A loss function measures how well a given machine learning model fits the specific data set. It boils down all the different under- and overestimations of the model to a single number, known as the prediction error. The bigger the difference between the prediction and the ground truth, the higher the value of the loss function. Loss functions are used automatically in the background during hyperparameter optimization and when training the decision trees to compare the performance of various iterations of the model.

In the Elastic Stack, there are three different types of loss function:

  • mean squared error (mse): It is the default choice when no additional information about the data set is available.
  • mean squared logarithmic error (msle; a variation of mse): It is for cases where the target values are all positive with a long tail distribution (for example, prices or population).
  • Pseudo-Huber loss (huber): Use it when you want to prevent the model trying to fit the outliers instead of regular data.
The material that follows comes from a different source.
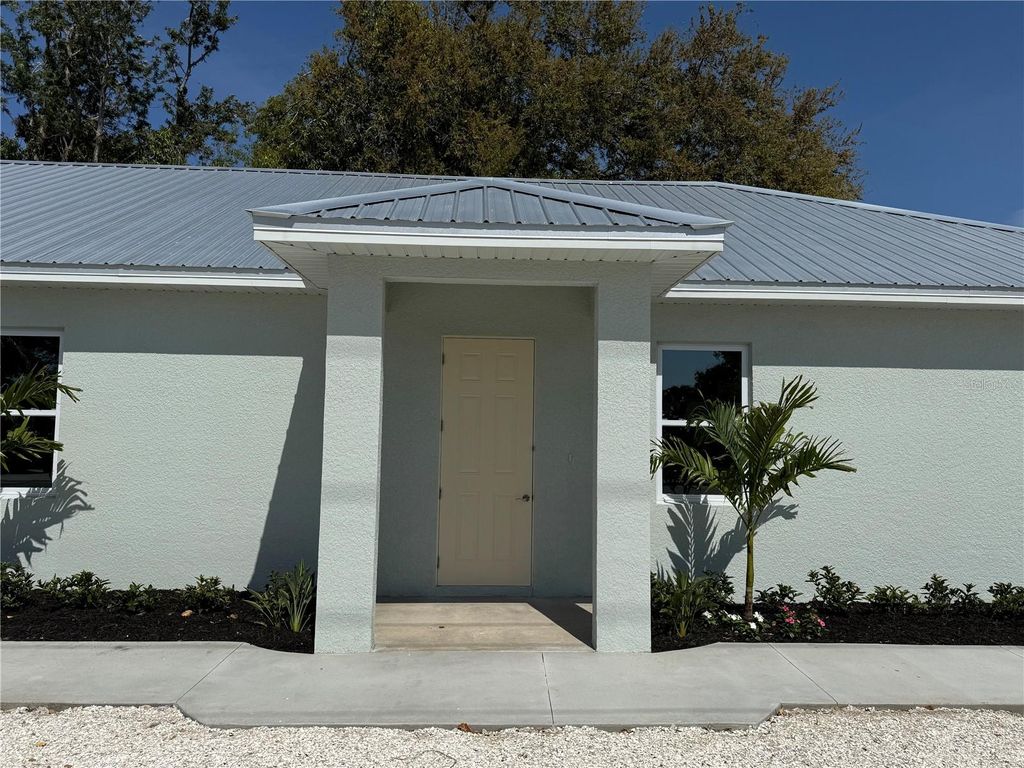 Photo of 3525 Mcintosh Road, Sarasota, FL 34232 (MLS # A4644626)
The various types of loss function calculate the prediction error differently. The appropriate loss function for your use case depends on the target distribution in your data set, the problem that you want to model, the number of outliers in the data, and so on.

You can specify the loss function to be used during regression analysis when you create the data frame analytics job. The default is mean squared error (mse). If you choose msle or huber, you can also set up a parameter for the loss function. With the parameter, you can further refine the behavior of the chosen functions.

Consult the Jupyter notebook on regression loss functions to learn more.

The default loss function parameter values work fine for most of the cases. It is highly recommended to use the default values, unless you fully understand the impact of the different loss function parameters.